[LLVMdev] parallelizing llvm

Chris Lattner sabre at nondot.org
Thu Jul 3 11:10:11 PDT 2008


On Thu, 3 Jul 2008, Eli Friedman wrote:
>> Does this mean llvm can not dominate if llvm target 1 core machine
>> also ?
>
> Making an optimizer/code generator parallel is fundamentally a lot
> easier than making a browser parallel because the problems parallelize
> a lot more naturally.  There are essentially two chunks of code in the
> llvm pipeline that take up large amounts of time: the optimization
> passes and the code generator.  I think parallelizing both of these is
> feasible with conventional parallelism techniques, with very little
> penalty for the single-core case.

This is also something I'm interested in supporting.  The whole design of 
the FunctionPassManager and CallGraphSCCPassManager (e.g. inliner) is to 
allow parallelism of optimizations between different parts of the program.
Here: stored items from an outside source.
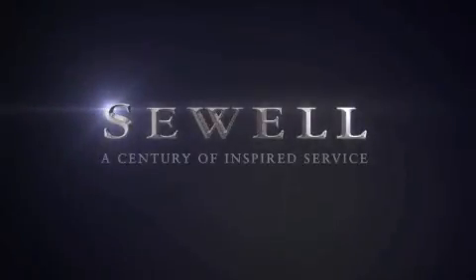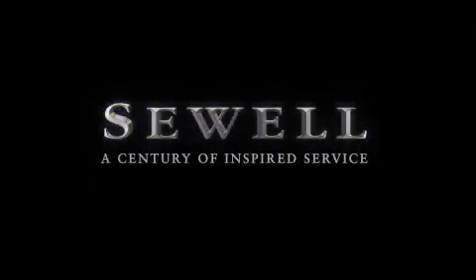At Sewell, our obsession with service extends to all of our customers, including pre-owned. Buying a pre-owned from Sewell means complimentary loan cars and washes for the life of your vehicle come standard. Let us show you what over a century of inspired service has taught us.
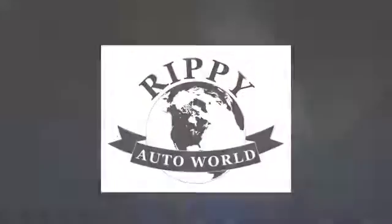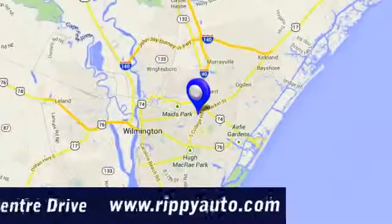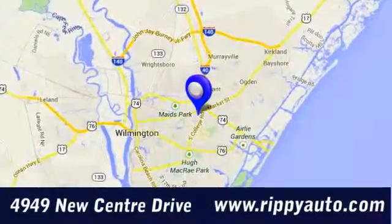At Rippey Auto World, discover a huge selection and great value. We're conveniently located at 4949 New Center Drive in Wilmington, North Carolina.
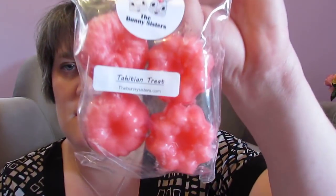The next one is Tahitian Treat. I just got home from work, so if the lighting is messed up, I'm sorry — it's getting later. Oh my god, this smells amazing. It smells like some kind of fruity drink — a summery fruity drink. That one I'm going to enjoy.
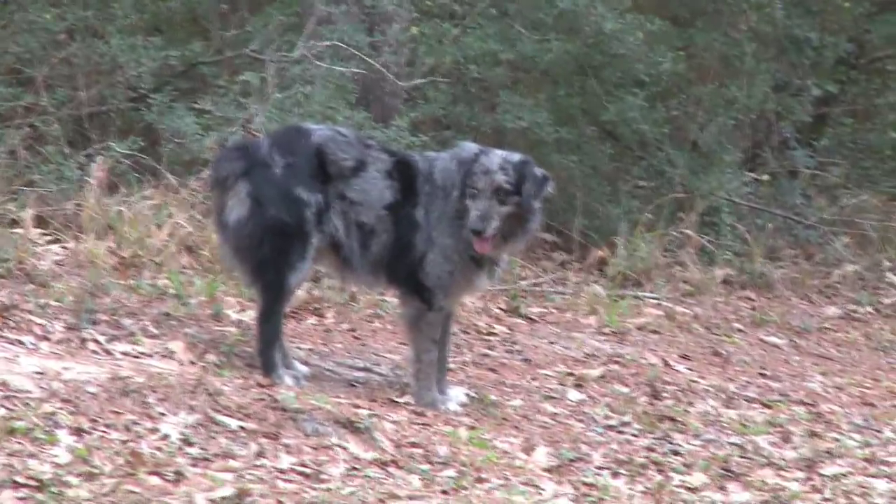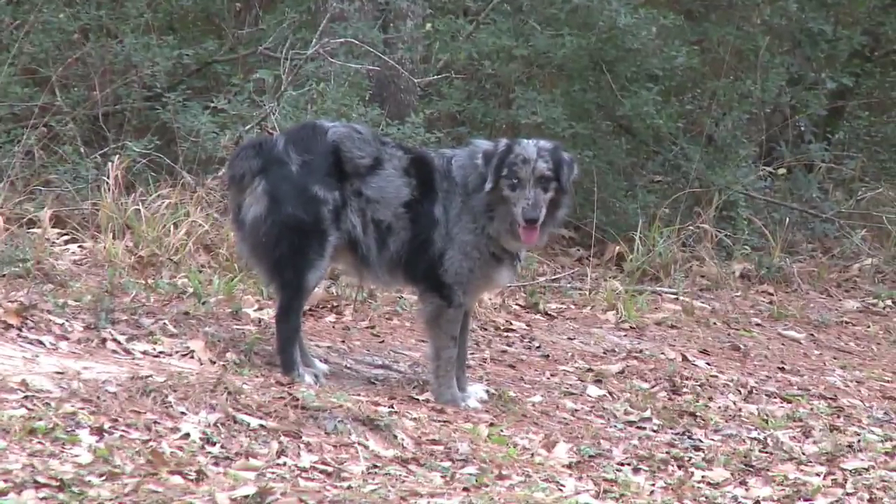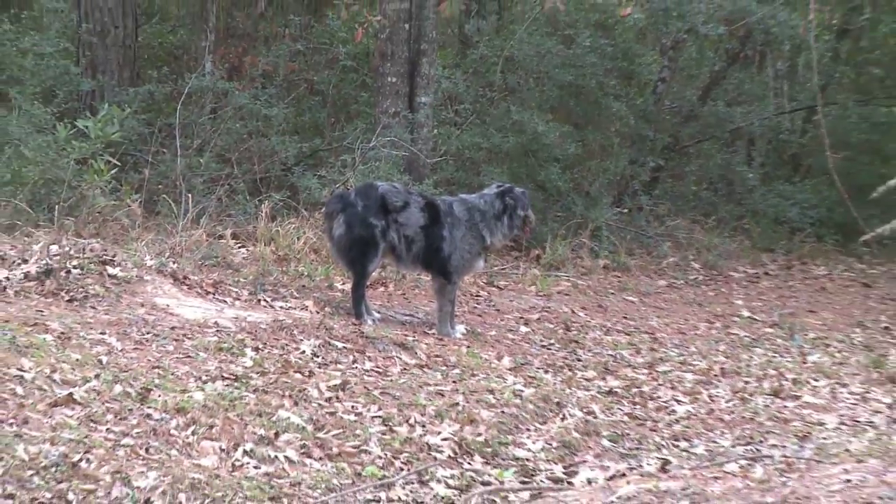What sort of dog is she, mum? She's a blue heeler, Patrick. She's a cattle dog, she's a herding dog. It's good really, and to her benefit, because they are used to the outdoor life. She looks quite rugged, doesn't she? Yes, and they must have a lot of exercise.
There are three main problems with this:

1) There are various places in LLVM that use globals, e.g. to unique types
    and for a couple things in the code generator.  This should be easy to
    synchronize on or eliminate.

2) Various passes poke at the module to get things like intrinsics,
    function declarations, etc.  I think this is easy to solve with locking
    and would be easy.

3) The use/def chain machinery in LLVM violates the principle that local
    manipulation doesn't touch global objects.  This is because
    *everything* has use/def chains, including global variables and even
    constants (e.g. 'i32 2').  Solving this is much trickier than #2, but
    seems feasible with some tricky atomic access algorithms.